An almost unknown historical fort near capital
Friday, January 23, 2009
by Faisal Kamal Pasha
Located almost at the centre of Potohar region occupying a pivotal position that overlooks the whole area, Pharwala Fort near the village of Bagh Jogian at a distance of some 17 kilometres from Islamabad Highway is a historical place of particular interest for the students of archaeology and lovers of nature.
Hathi Khan, a ruler of the Rajput Gakhar tribe, built the fort on the bank of Soan River in the sixteenth century. His descendents are called Hathial, living in some areas of Potohar.
Potohar always remained a strategically important region in the past for the invaders from central Asia and Afghanistan.
With the ultimate goal of capturing the throne of Delhi, the invaders had to first consolidate their position in this region. So the area always remained under attack by the rulers of states in central Asia.
In order to secure their position and defend themselves from the foreign onslaughts, locals in some areas built forts.
Pharwala Fort and the Fort of Rawat are the two prominent forts of the regions built to defend the area from foreign invaders.
It is said that the Gakhar chieftain Sultan Sarang who built the Fort of Rawat was the grandson of Hathi Khan who constructed Pharwala Fort.
Pharwala Fort is situated at a high place in the mountains of Potohar, from where one can keep an eye over the whole region. The fort was built on an area of about four square kilometres. There are two watercourses around the fort whereas one of its northwestern sides has an access to the difficult mountainous terrain. Blocked from two sides by the watercourses must have been strategically very important. Moreover the proximity of water was also good for the consumption of humans, agricultural use and for the use of animals.
According to some people residing inside the fort, there were seven gates of the fort whereas now ruins of only three gates can be traced. An aged man residing inside the fort for many years told that the three gates are Lashkri Darwaza, Hathi Darwaza and Dadan Khan Darwaza. Hathi Khan Darwaza was the main entry gate of the fort. The Kyanis and Ghakhars inhabited the fort in sixteenth century and only a few of the families of these clans survive.
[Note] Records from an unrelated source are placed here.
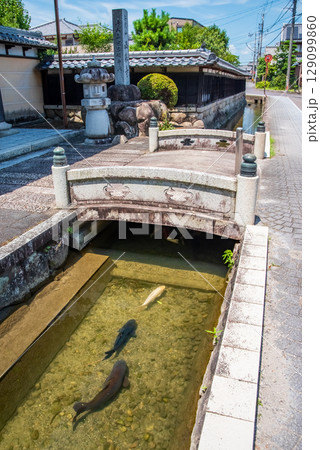 鯉が泳ぐ「智積養水」（三重県四日市市 智積町） 129099860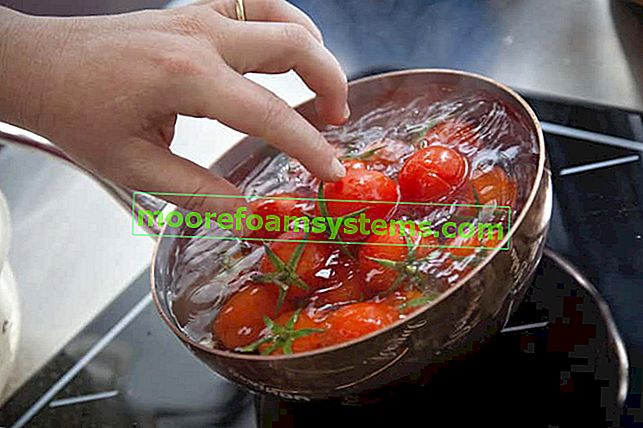 Comment brûler les tomates étape par étape?  Un guide pratique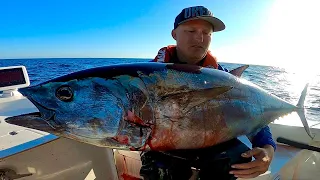 Chasing Bluefin Tuna Foamers in Southern California! (Catch, Clean and Cook)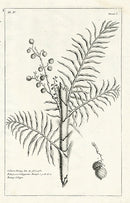 Buchoz Herbier 1783 Calamus Rotang 128 - Panteek Antique Prints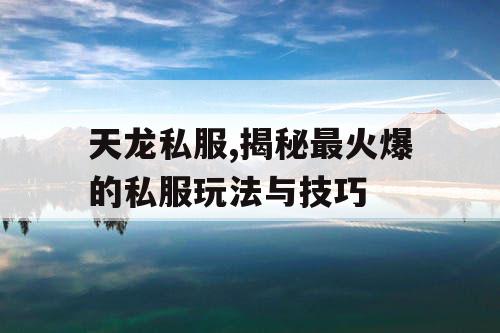天龙私服,揭秘最火爆的私服玩法与技巧 天龙私服,揭秘最火爆的私服玩法与技巧
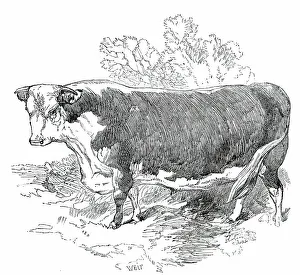 Hereford Prints: Prize Cattle at the Royal Agricultural Society's Show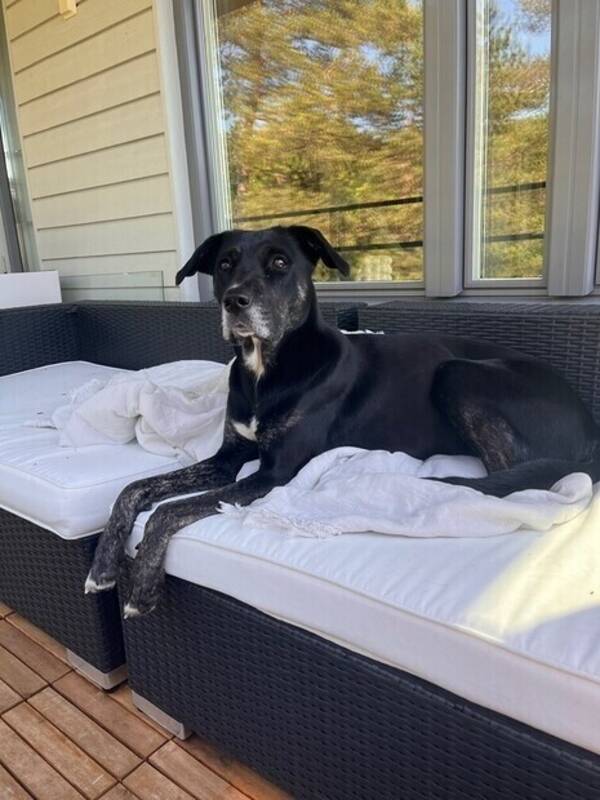 Hund - Bella 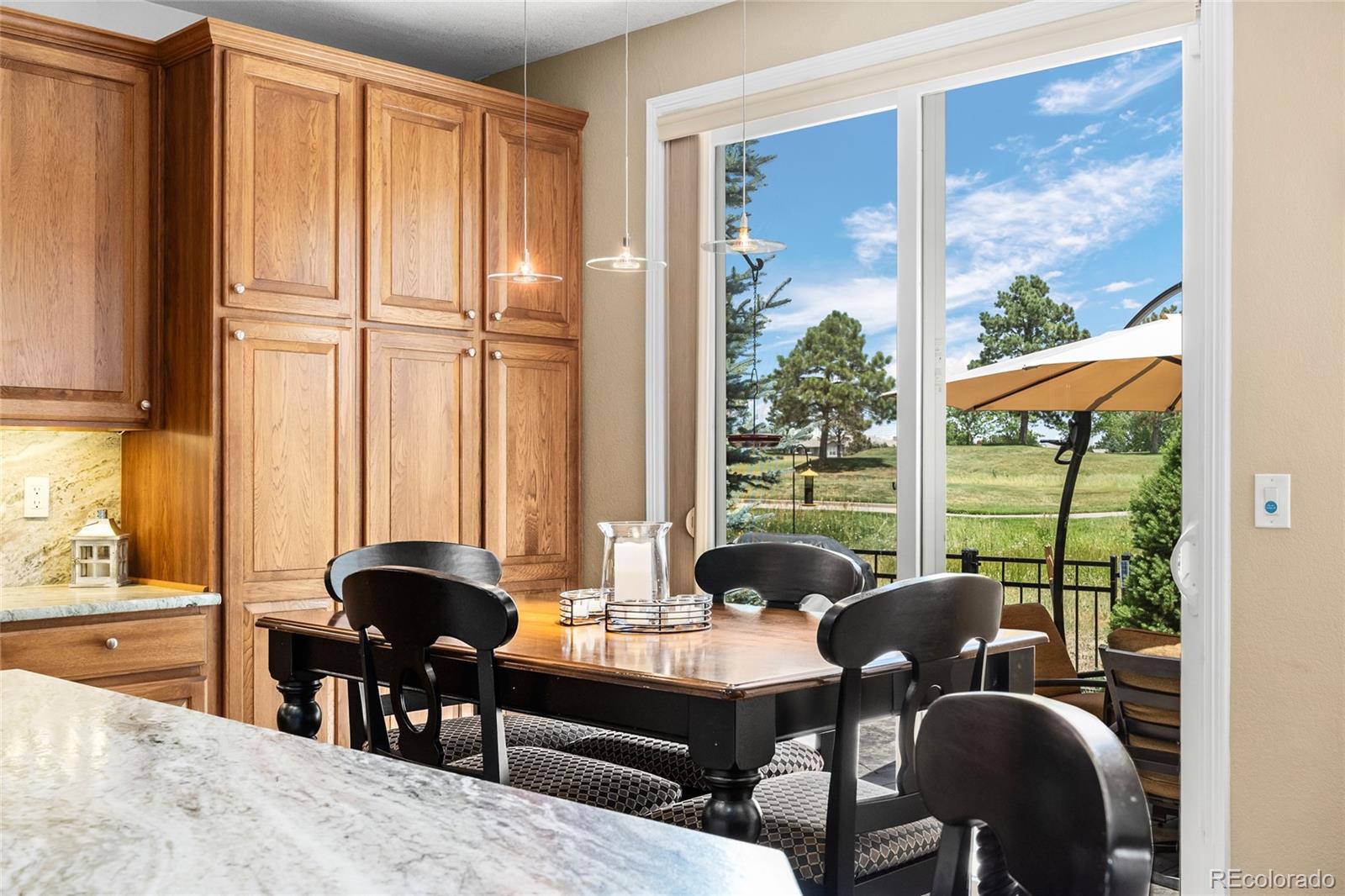 MLS Image #18 for 9038  hunters way,highlands ranch, Colorado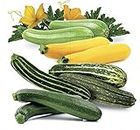 SeedsUP - 10+ Zucchini Summer Jackpot Bush - Vegetable Mix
The fort was invaded by the Mughal emperor Zaheeruddin Babar around 1526 when he launched his military expedition to south Asia. The locals gave him a tough fight but he succeeded in subduing them. After being defeated at the hands of Babar these locals inflicted heavy losses on the Mughal army through guerrilla war. However they owed allegiance to the second emperor of Mughal dynasty Naseeruddin Humayun. It is also mentioned in history that they supported Humayun against Sher Shah Suri.
The fort has some very interesting features like the masjid of Mai Qamro and the tomb of a Mughal soldier. It is said that the masjid of Mai Qamro is one of the oldest mosques in South Asia. The mosque is in a dilapidated condition. The roof of this mosque has caved in and the brick walls are also in a bad state. There is a dense growth of wild grass and shrubs in the lawn of the mosque. This mosque has three domes and those too are in a dilapidated condition.
According to an archeologist, Zulfiqar Ali Kalhoro, the mosque has a three-dome architecture, similar to the mosque in Rawat Fort. That shows that these two forts and their mosques were built almost in the same period of time. The tomb of the Mughal soldier, is also an important thing to mention here. It is said that when Babar invaded this fort a soldier of his army might have laid down his life fighting against the army of the opponent and the tomb might have been built to honour the brave soldier.
There are many banyan trees inside the fort under which there are ruins of some very old graves with carving of the names buried there.
With an alluring and breath taking natural beauty mingled with its historical importance the place is still undiscovered by the so many people who may love to visit it for the sake of gaining knowledge.